╭─ PROVIDED RECORDS

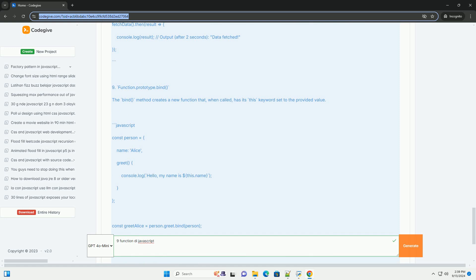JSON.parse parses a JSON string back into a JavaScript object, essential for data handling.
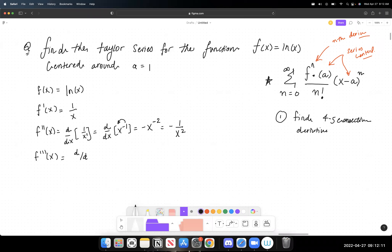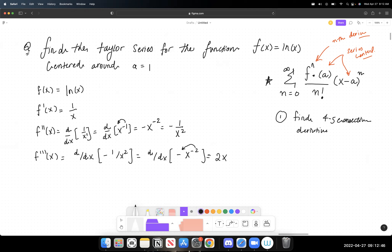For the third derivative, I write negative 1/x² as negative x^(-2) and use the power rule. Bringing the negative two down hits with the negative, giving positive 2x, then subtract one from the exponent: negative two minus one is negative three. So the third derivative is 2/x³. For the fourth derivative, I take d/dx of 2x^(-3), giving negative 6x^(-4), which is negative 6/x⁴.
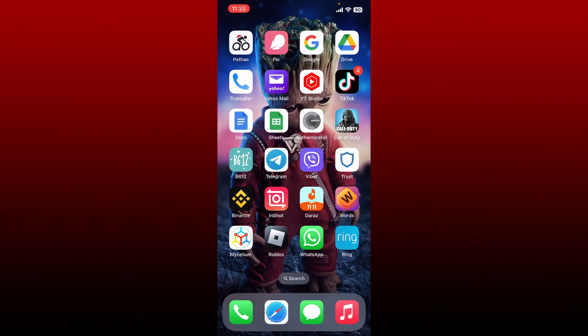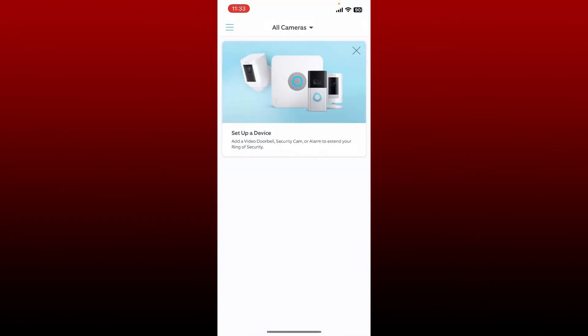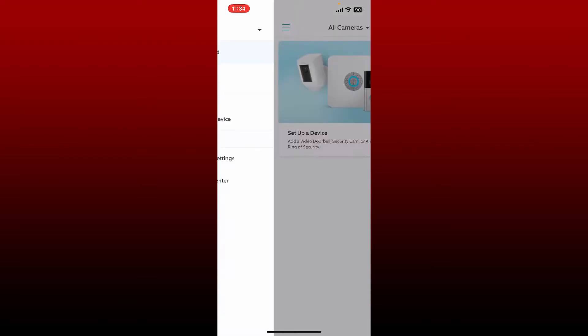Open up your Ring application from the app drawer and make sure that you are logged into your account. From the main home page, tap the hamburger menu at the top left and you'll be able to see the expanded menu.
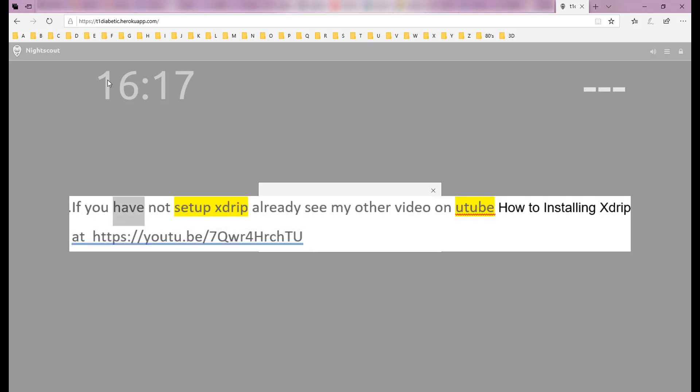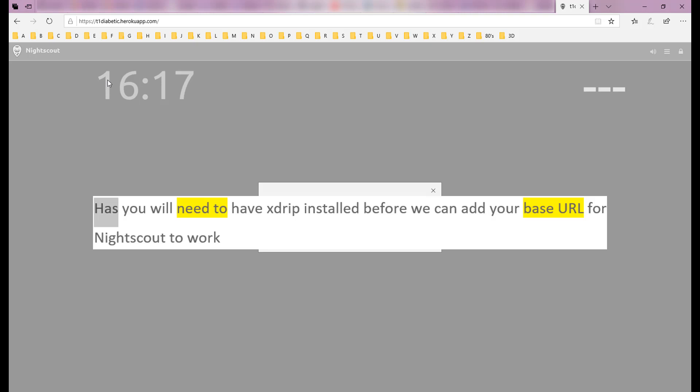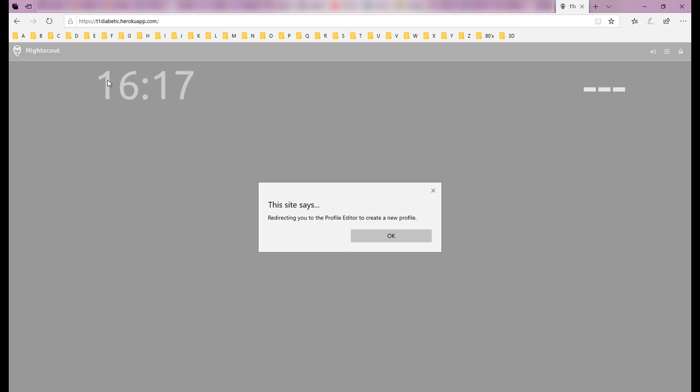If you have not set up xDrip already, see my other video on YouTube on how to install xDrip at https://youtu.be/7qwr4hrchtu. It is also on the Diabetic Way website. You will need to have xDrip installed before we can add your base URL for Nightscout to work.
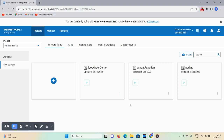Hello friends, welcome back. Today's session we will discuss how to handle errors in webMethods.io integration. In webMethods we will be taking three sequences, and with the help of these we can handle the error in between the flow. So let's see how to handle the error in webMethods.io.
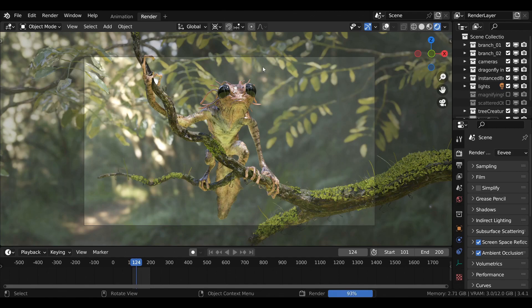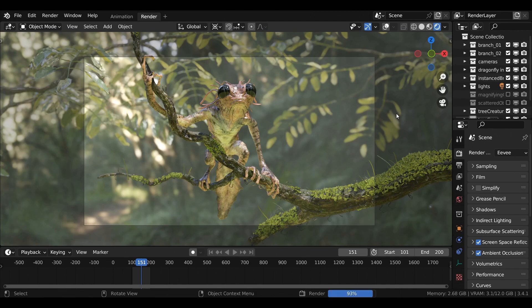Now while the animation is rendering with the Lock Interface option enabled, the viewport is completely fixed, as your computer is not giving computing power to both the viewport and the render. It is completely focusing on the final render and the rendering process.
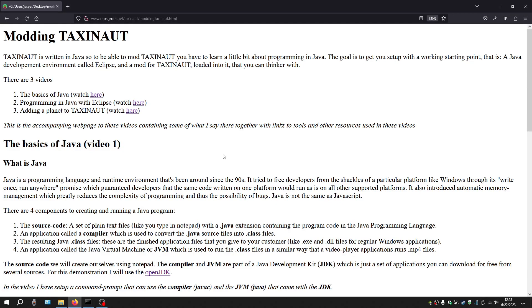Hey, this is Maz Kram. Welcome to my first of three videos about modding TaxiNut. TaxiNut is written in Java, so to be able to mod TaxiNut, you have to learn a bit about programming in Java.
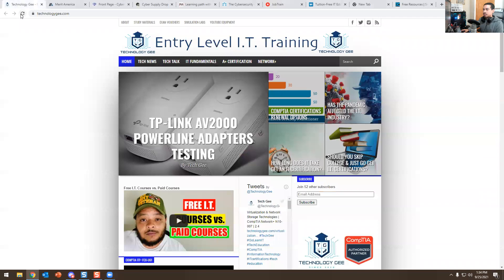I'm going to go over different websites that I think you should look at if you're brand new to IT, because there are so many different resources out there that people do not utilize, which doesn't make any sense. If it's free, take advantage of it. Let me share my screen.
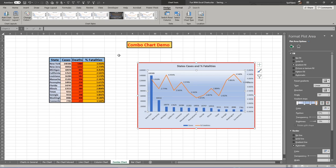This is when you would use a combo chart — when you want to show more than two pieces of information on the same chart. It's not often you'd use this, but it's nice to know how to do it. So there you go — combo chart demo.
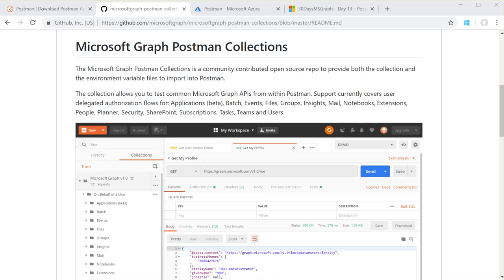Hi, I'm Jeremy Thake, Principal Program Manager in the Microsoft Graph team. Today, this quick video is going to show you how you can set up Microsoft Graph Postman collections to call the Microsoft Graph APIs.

╰─
╭─ PROVIDED RECORDS

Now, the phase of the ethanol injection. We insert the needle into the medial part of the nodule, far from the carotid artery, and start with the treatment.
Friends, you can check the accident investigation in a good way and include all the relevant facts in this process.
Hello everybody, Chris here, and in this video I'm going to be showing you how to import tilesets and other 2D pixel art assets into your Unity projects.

╰─

* EXERCISE GOAL
Take the material above from the line bearing "Hey, this is" through the line bearing "This is when" and write it out exactly, both end lines included. Pictures stay out.

* EXERCISE SOLUTION
Hey, this is Maz Kram. Welcome to my first of three videos about modding TaxiNut. TaxiNut is written in Java, so to be able to mod TaxiNut, you have to learn a bit about programming in Java.
I'm going to go over different websites that I think you should look at if you're brand new to IT, because there are so many different resources out there that people do not utilize, which doesn't make any sense. If it's free, take advantage of it. Let me share my screen.
This is when you would use a combo chart — when you want to show more than two pieces of information on the same chart. It's not often you'd use this, but it's nice to know how to do it. So there you go — combo chart demo.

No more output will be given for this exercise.